Shelter employs 850 staff and helps 170,000 people annually in the UK
Workers voted by 211 to 78 for industrial action after the charity's management extended working hours in order to plug a gap in funding.
Film director Ken Loach has backed staff, saying their cause is justified and urging a boycott of the charity.
Shelter's Chief Executive Adam Sampson called his comments "unfortunate".
Mr Sampson said: "Mr Loach is in effect calling for the end of Shelter as an organisation after it has spent more than 40 years helping millions of people in housing need."
The charity says the contractual changes will help it fulfil its current obligations to the public sector and meet a funding shortfall partly caused by the worsening economic climate.
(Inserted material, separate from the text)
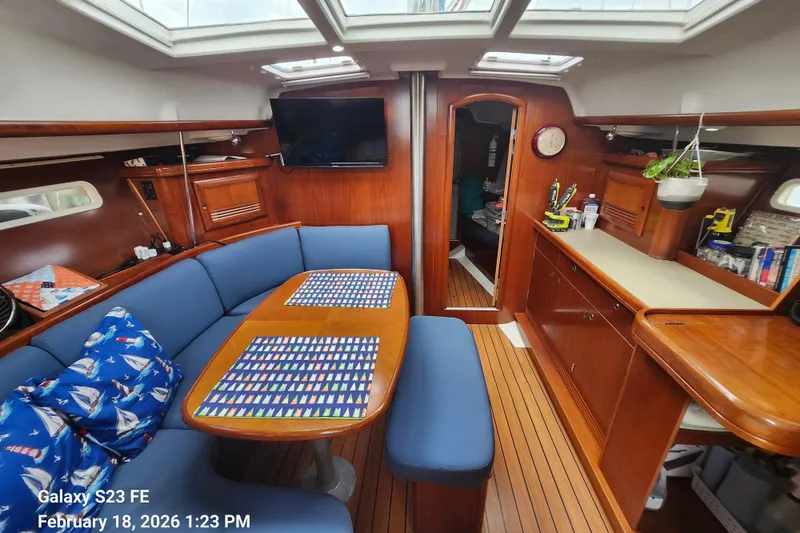 Slide: The Image of Interior of 2005 Beneteau Oceanis Clipper 393 yacht with cozy seating and wooden finishes. - 6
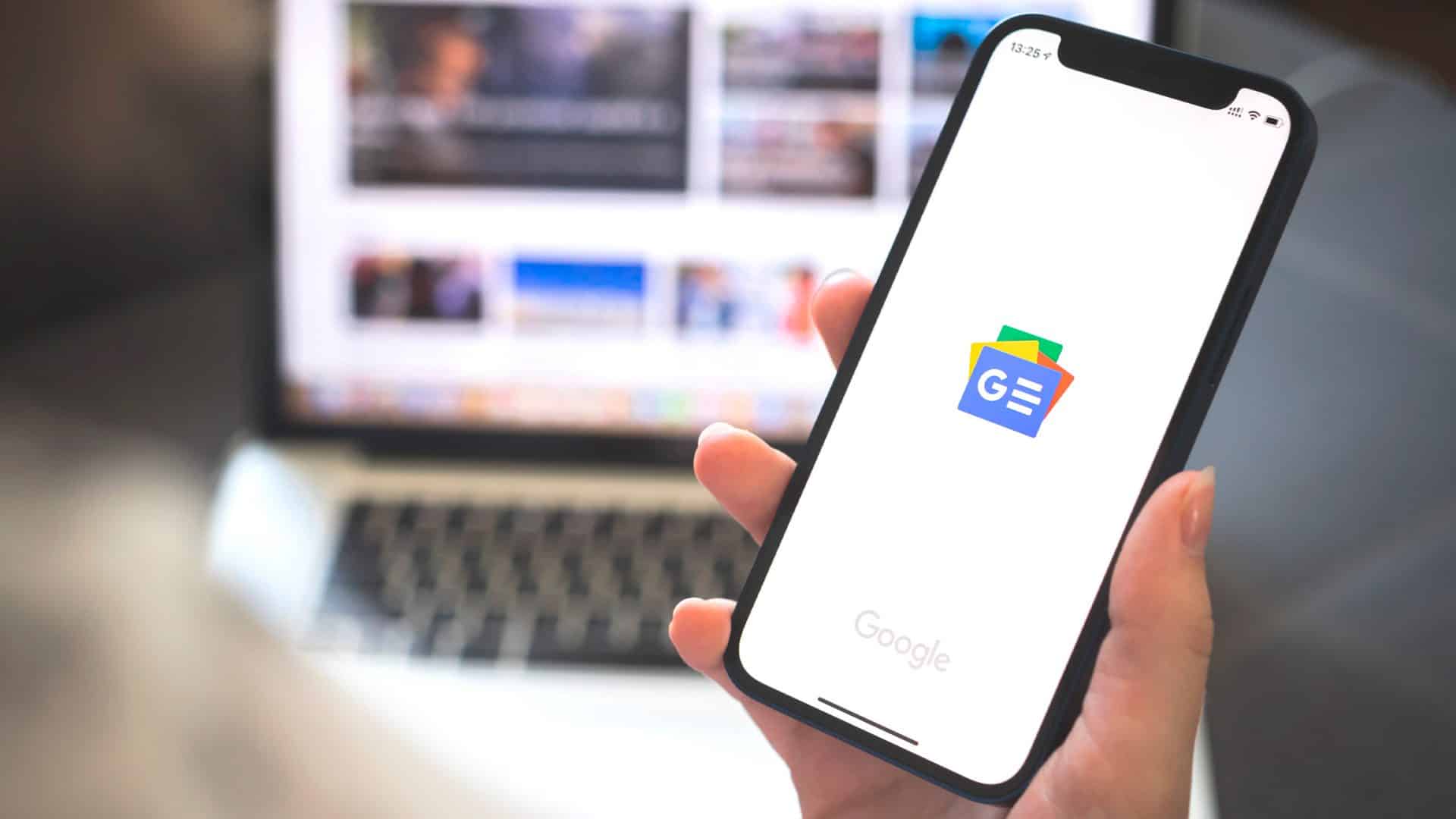 Pessoa segurando iPhone com logomarca do Google notícias enquanto agregador de notícias está aberto num Macbook atrás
Under the new contract, staff will have to work an extra two and a half hours a week for no extra money.
Their right to an annual incremental pay rise is being scrapped and, under the new contract, salaries will only increase in line with inflation.
Salary increases alone cost it over £1m last year.
But the union says their rights are being destroyed.
"In recent times, Shelter has spent at least half a million pounds on refurbishing its head office", said Unite's regional industrial organiser, Alan Scott.
"Our members believe that some of this money could have been used to protect their agreed terms and conditions of employment."
When the strike action was announced last week, Ken Roach told BBC Radio 4's Today programme the changes were outrageous.
"These are people who work with great dedication", he said.
Ken Loach's 1967 TV drama documentary, 'Cathy Come Home' was one of the inspirations for the foundation of Shelter and he has supported the charity ever since.